We need a gender mainstreamed Canada

Photo courtesy of Winnipeg Free Press

Many places in the United States and Europe are choosing to forego ancient gender norms by practicing what’s being called “gender mainstreaming.” This is a term established by the UN in 1995 as a global strategy to support gender equality. Though it has gained momentum over the last 20 years, we still have a long way to go, even in a place as influential as North America.

Europe is far more accepting of gender nonconformity than we are here. Many countries have adopted laws and policies to influence a more equal and accepting society, regardless of gender. In Canada, many people still have to fight for places like SFU to have gender-neutral washrooms, whereas places like Berlin now see this as a normal and expected establishment.

Language is an integral part of gender biases, and can be the deciding factor regarding whether or not people have equal access and rights in a country or area. Many languages have gendered words and tenses, associating certain things with femininity or masculinity. This often works to facilitate sexism and create a gender divide.

Sweden recently created a gender-neutral pronoun within their language, “hen.”

Many countries have recently been working to alter this. For example, Sweden recently created a gender-neutral pronoun within their language, “hen.” The German language is also being scrutinized, as it, along with other European languages, often uses pluralized words with masculine pronouns, regardless of whether or not females are within the group.

Cities in Germany and Austria have been going one step further, eliminating binary gender structures within their everyday society.
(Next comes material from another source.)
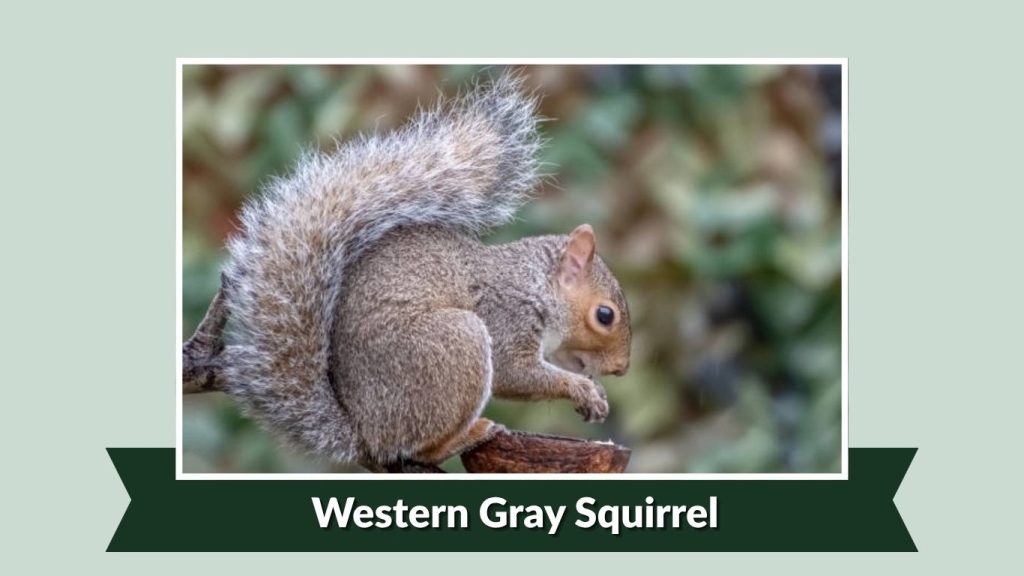 Western Gray Squirrel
Germany has converted many of its pedestrian stoplight signs from flashing images of men to those of women, and Austria has added some same-sex couples on theirs. Austria also adjusted its national anthem to celebrate both its “great daughters and sons,” rather than just sons.
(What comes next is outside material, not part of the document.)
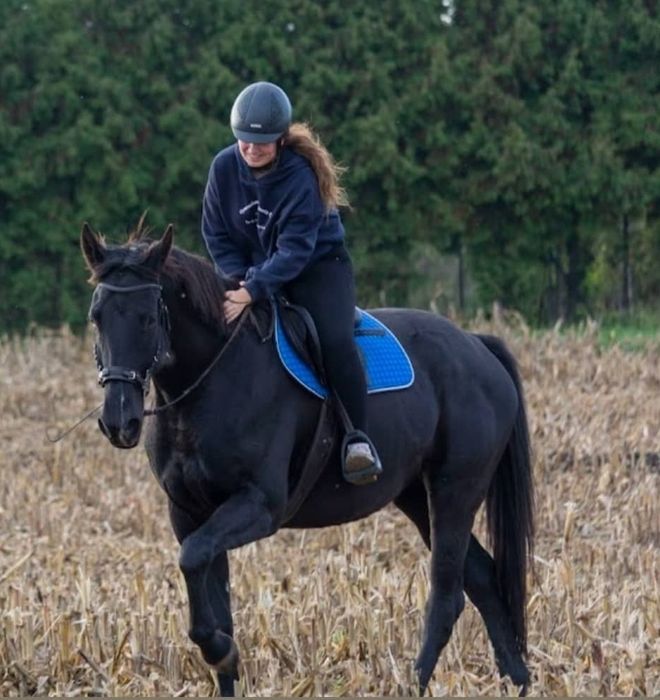 Klacz 7 lat do rekreacji hodowli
Canada, however, is still far behind these progressive and inventive European countries. While for the most part, individuals here generally accept others, we still have a long way to go as a nation. We need policies to reflect our overarching mindsets of the time we are living in, rather than the mindsets of days far behind us. It’s great that we’ve come so far for women’s rights, but we still have a ways to go to make sure every citizen has equal rights, regardless of their gender.